Dear <<First Name>>,
It is summer time and the retreat to the quiet begins. Many of us head into nature for some peace and solitute until we are surprised at the noises that we find. The crickets, frogs, mosquitoes, neighbour dogs, your dog, boats passing, lawnmowers, children playing and mystery 'creature' noises can certainly break the silence. It is the sounds of summer that I welcome anytime over the hum of snowplows, shovels scraping along asphalt or stomping snowy feet.
This year the Howes household has tried to lower their noise pollution with the purchase of a battery powered lawnmower. This marvellous garage sale purchase was scooped up in May and has become a valued family member. It was one of those impulse purchases that one only hopes was a good decision. Not a single person who comes to see us makes it out without seeing the new 'baby'. What I love is that it is so lightweight and most of all quiet! The neighbours hardly know we are mowing the lawn. Bonus!
Years ago when I was began exclusively focusing on site selection, I developed a template that helped me understand a new client. I designed it to ask goals and objectives, meeting room requirements, special features and it details AV requirements. The one missing question it didn't have was, 'Will you be using a bull horn?' Turns out this group failed to mention to me that the 'team building' component would require the use of a bull horn. It would not have been an issue if 'we' were the only group in house while the accountants next door who were writing the CA exam - we not too impressed. After a hastened request from the banquet manager - it all worked out while it is my understanding that the hotel did graciously compensate the other client for the disturbance. It was certainly a lesson, so please don't be surprised if I asked you if your program requires a bull horn!
Also, if someone can identify the 'creature' who lives in the woods by our place. All the neighbourhood would appreciate knowing what 'whooping crane, bear cub in pain, turkey vulture, rabid weasel' noise is coming from the back lot. We collectively represent probably 500 years of outdoor living and we don't know what the dickens it is! From the sounds of it - it's certainly telling us to keep it down.
The Right to Quiet
Pending the style and culture of your meeting, you may need to ensure that you have a quiet environment to conduct your meeting. This is not a standard contract clause but rather one that you need to know about and add as required. This clause is separate from a construction clause while they are certainly related.
If the noise to the group is substantial, a determination must then be made that it is unreasonable for the group to bear it, or to bear it without compensation. This is a balancing process weighing the respective interests of both parties in the event one group is being too loud beside another. These sorts of situations are certainly not something the hotel wishes to resolve, so they carefully book according to the type of meeting a group is having. There are instances, especially in larger hotels, that even more than two groups are in-house, and instances where one group is having a break while the other is in session.
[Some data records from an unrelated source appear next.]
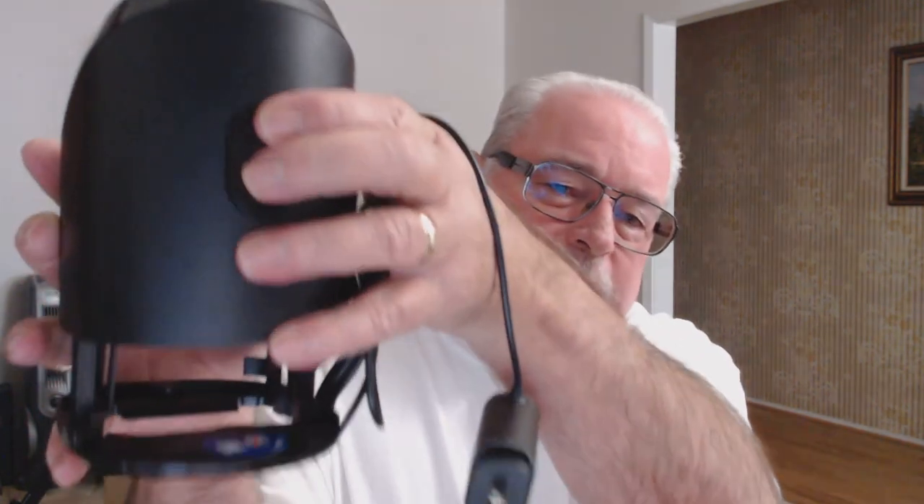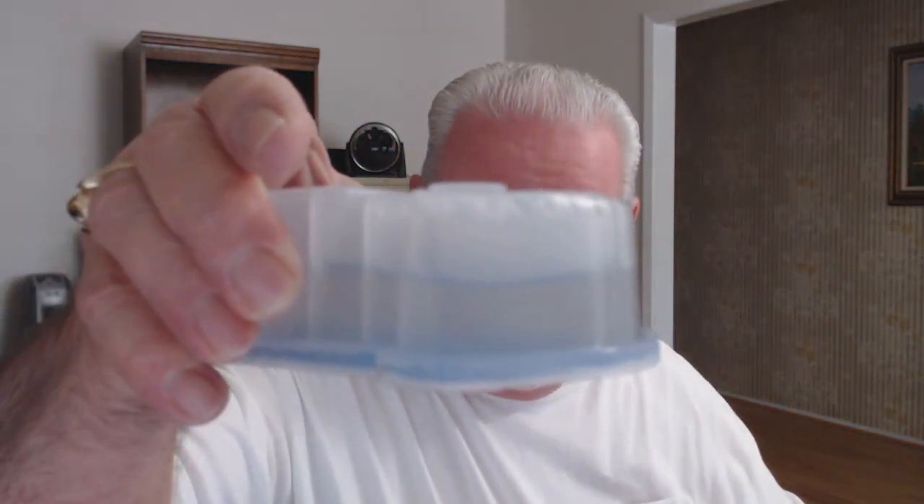One of the things about the Braun shaver is they have what they call a Clean and Renew system. It uses a solution of alcohol and oil, and I can actually show you what it looks like. This is the shaver in the Clean and Renew cradle. On the back there's a button — you push it and it opens up, and in this opening is where this goes. This is 170 milliliters from Braun — it's denatured alcohol and a little essential oil.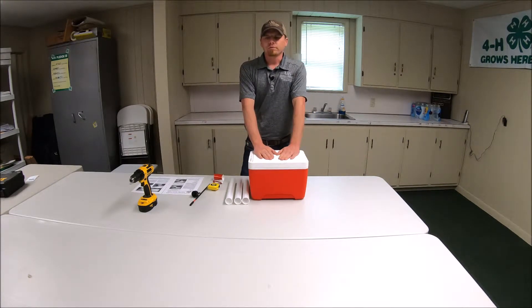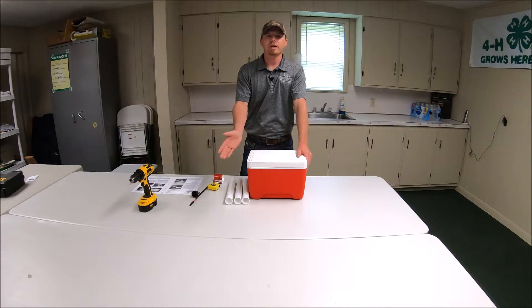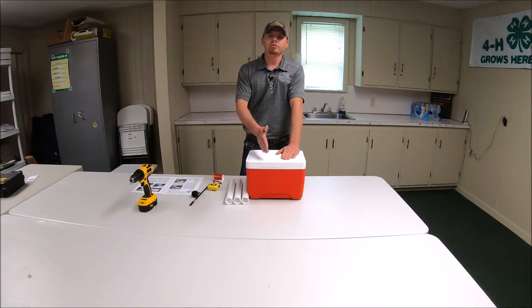You might be asking yourself, what is a vaccine cooler and why do I need one? A vaccine cooler is a cooler meant to hold the syringes that contain your vaccine while you're chute-side working cattle. We need to maintain a temperature of 35 to 45 degrees for all of our vaccines — throughout, from production to injection into the animal. We need to monitor temperature in the refrigerator, but also keep vaccines cool when we have them out next to the chute.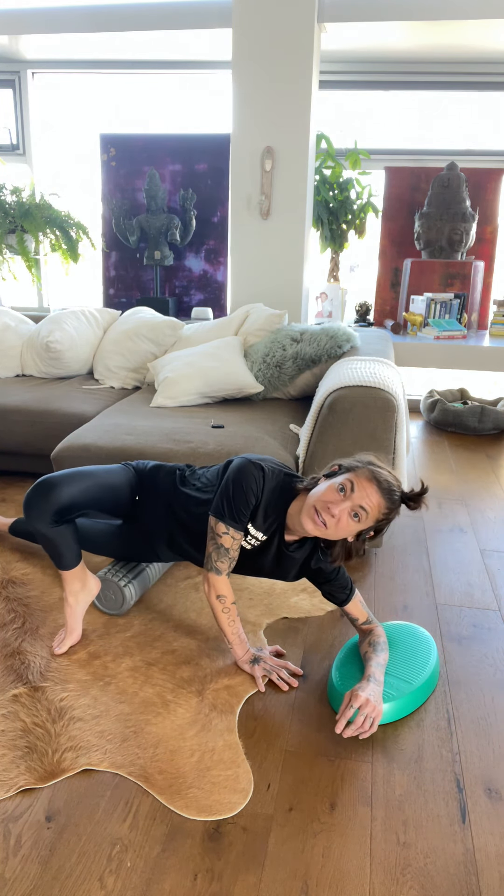It's not actually the IT band that's tight — it's the muscles that are pulling on the IT band that will make you feel a little bit of pain laterally on the knee.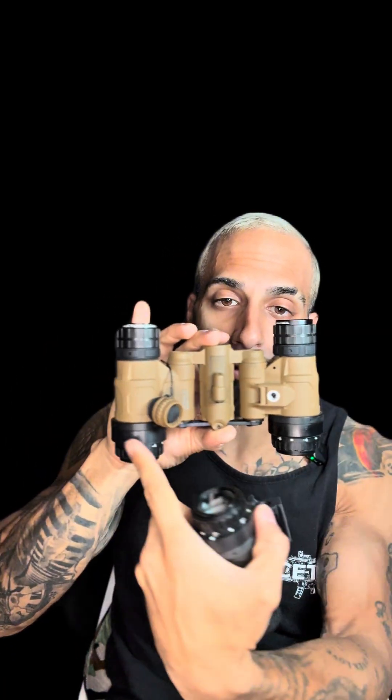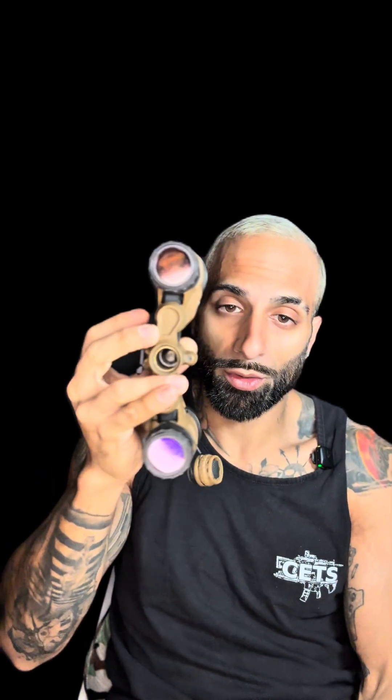What they have done to make this easier is they made this function off of one battery versus functioning off of two. Normally when you pair two PVS-14s, you basically have two separate entities. You put them up on the bridge and essentially there are two switches for both PVS-14s to work. But what they've done is made a bridge — or a tab, as they call it — to fit both monocles together, working off of just one battery instead of two.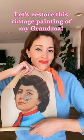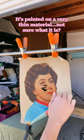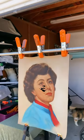My mom recently came across this painting of my grandma while she was visiting her. I don't know a lot of the history about it, but I did know it was beautiful and I wanted to do what I could to fix it.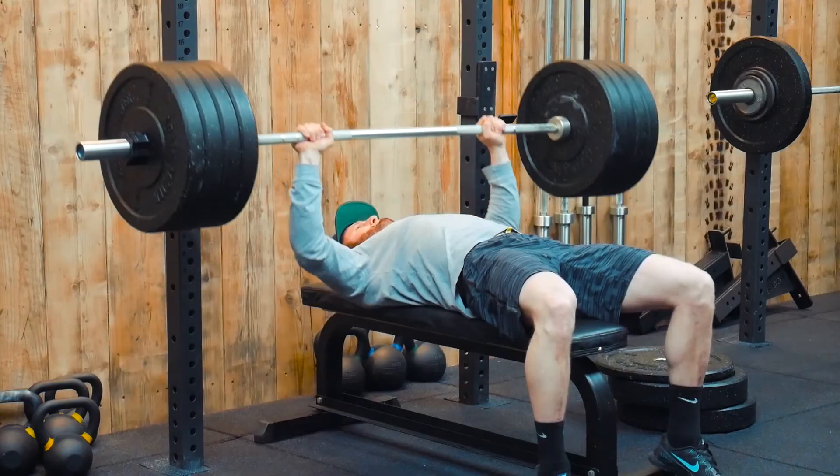That's basically it for the kipping pull-up. We hope you can integrate that into your training — practice stage one, two, then three. But don't neglect strict pull-ups; strict strength will also help your kipping, but not so much vice versa. Reserve the kipping pull-up for metabolic conditioning workouts — super high intensity, alternating between movements. If you have any questions or requests for other technique videos, please get in touch, and until next time, peace.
The hotel and client need to consider:
Extent and duration of the disturbance;
Nature of the harm;
Social value of the client's use of his or her property or other interest;
Burden to the client for disturbance
Value of the hotel's conduct and response;
Motivation of the hotel to mitigate the issue;
Feasibility of the hotel's ability to have prevented the harm.
As always, fairness and logic prevail in these sorts of situations and often a simple request to 'keep it down' will suffice. Even having this clause in a contract makes both parties more aware of the need for a quiet environment and so the hotel will simply book the Scottish Highland Bagpipe Drum band for a different week.